From that perspective, the Pew Research analysis misses a key issue, both consciously and unconsciously. In fact, the very comparison of so-called “religions,” and the decline of Buddhism compared to the growth of Abrahamic religions can only be understood in historical context.
Ever since Portugal initiated Europe’s colonization of the world in the 16th century, things have never been the same. Not only did the colonial masters rob, loot, rape, and enslave their colonial subjects. They also destroyed their soul and spirit. That colonization has never stopped and continues to escalate in our own time, dominating global values, institutions, and behaviors.

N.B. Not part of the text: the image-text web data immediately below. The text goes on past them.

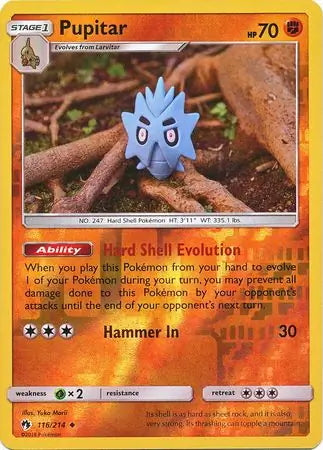 Lost Thunder Pupitar #116/214 reverse holo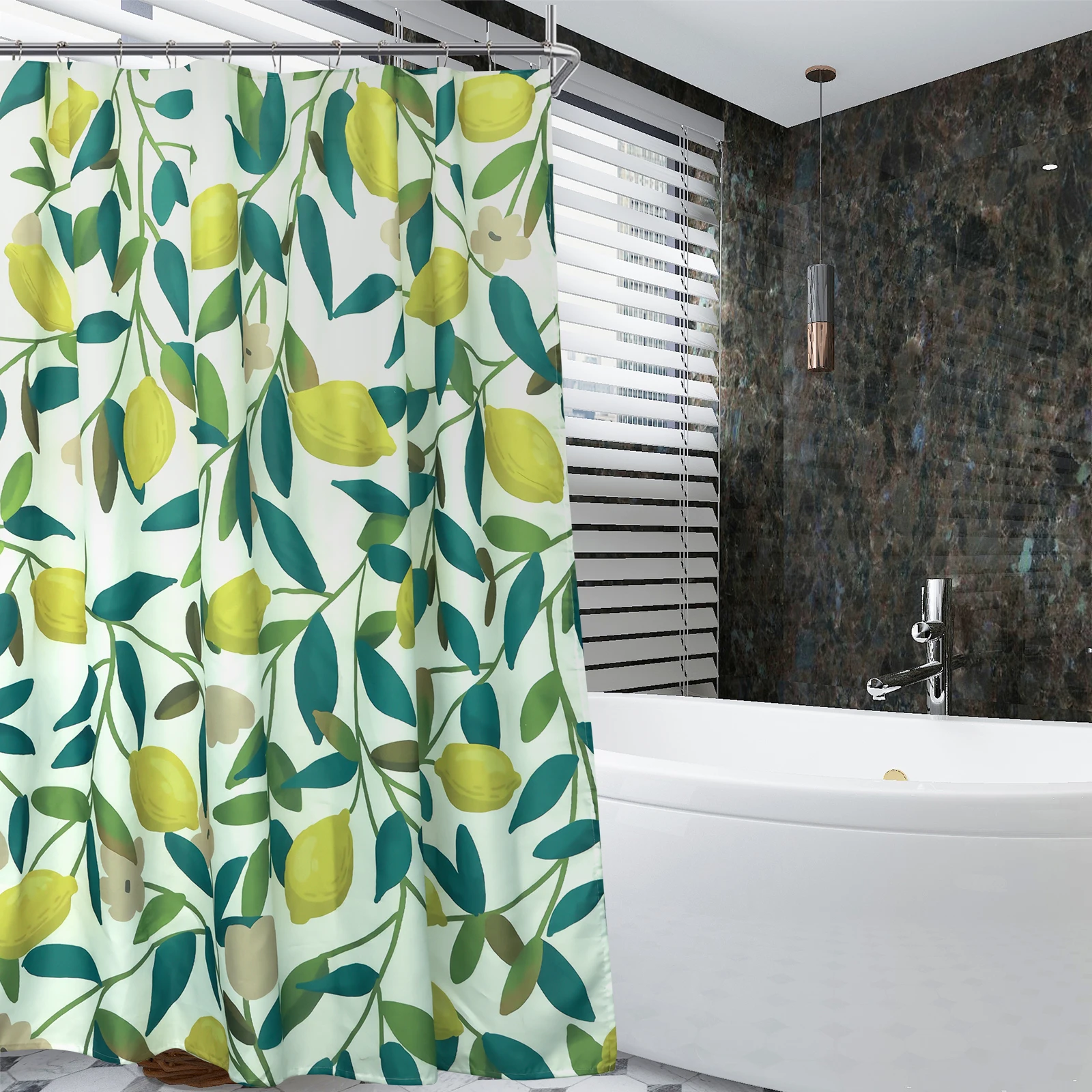 Shower Curtain Waterproof Polyester Bathroom Curtain 71x71 Inch Quick-Drying Shower Curtain Decorative Fruit Pattern Shower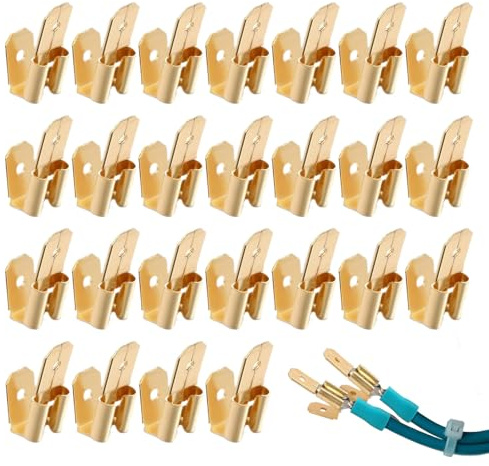 Electrical Connector,25 PCS Electrical Wire Connectors,Male and Female Spade Connectors,Piggyback Spade Connectors,Electrical Crimp Connectors,Electrical Double Male Female Adapter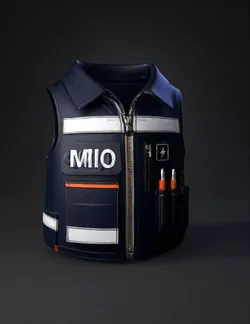 denim tool vest with pockets and zipper featuring orange accents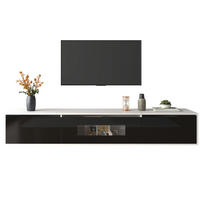 LOWBOARD 180/35/30 cm aus Holzwerkstoff mit LED-Beleuchtung und geriffelten Fronten Weiß/Schwarz - Schwarz, Holzwerkstoff (180/35/30cm) - Modenvie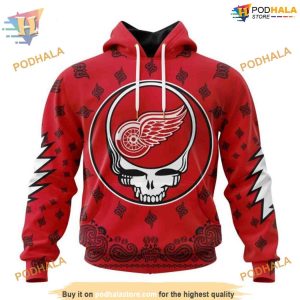 Custom Grateful Dead Design NHL Detroit Red Wings Hoodie 3D 1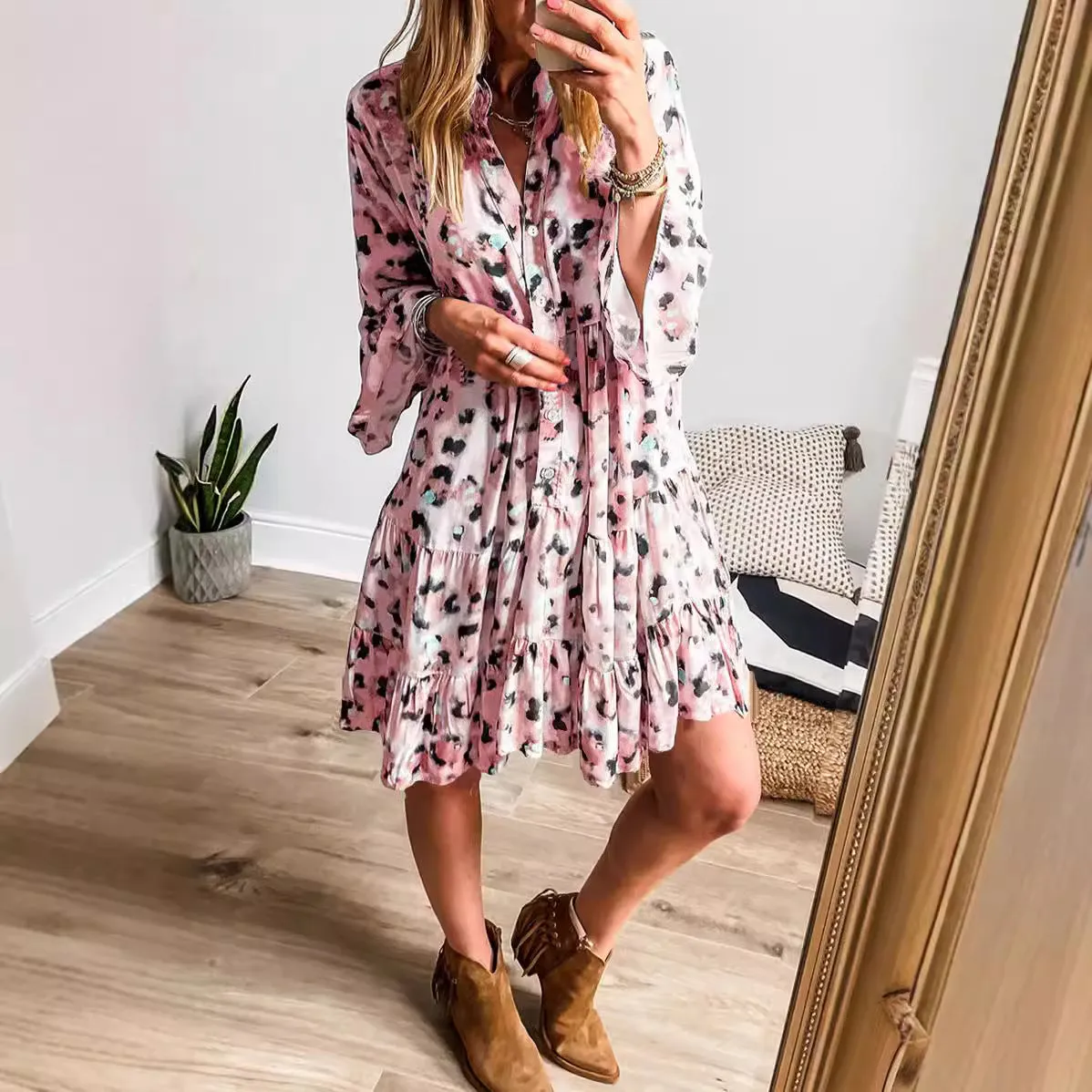 Effortless Chic Loose Button Dress for Women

Even after the unimaginable destruction of the Cultural Revolution, there is still a lot of vigorous, living Buddhist study and practice in China and, even more importantly, large numbers of people who actively claim to be culturally Buddhist. By some estimates, China has more Buddhists today than any other country and accounts for half of all Buddhists in the world.
But when the United States colonized Japan and Korea, once strongholds of Buddhism, after the Second World War, Buddhism was marginalized and continues to decline today. In fact, Korean missionaries are now among the most active in converting Himalayans to Christianity.
The effect of colonization and the power of its domination are felt not only at the gross level but even at the most subtle level. It’s as if Punjab had invaded England a thousand years ago and the British Royal Family were still to proudly serve Sarson ka Saag in its banquet menu.
It is not that the Abrahamic religions have superior logic or are more aligned with so-called science, but rather that they identified with the colonial masters. In a world where might and wealth are key goals of ordinary human beings, the victors will always be emulated if not envied, and this includes the continued identification of Christianity with power. When the person who is supposedly the most powerful on earth takes the oath as president of the United States, he or she touches the Bible . . . even as the US intoxicates the rest of the world by selling itself as democratic and secular.
It’s within this context that the colonial masters put Buddhism into the basket of “religion.” Although the characterization of Buddhism as a religion has been seriously questioned, that label has now been imposed for so long that there is no turning back.
But the English—in other words, our colonial masters’—word “religion” actually comes from a totally different culture where the word is deeply associated with Abrahamic belief systems that have starkly different definitions, standards, and methodologies than Buddhism, Advaita, Daoism, and other wisdom traditions.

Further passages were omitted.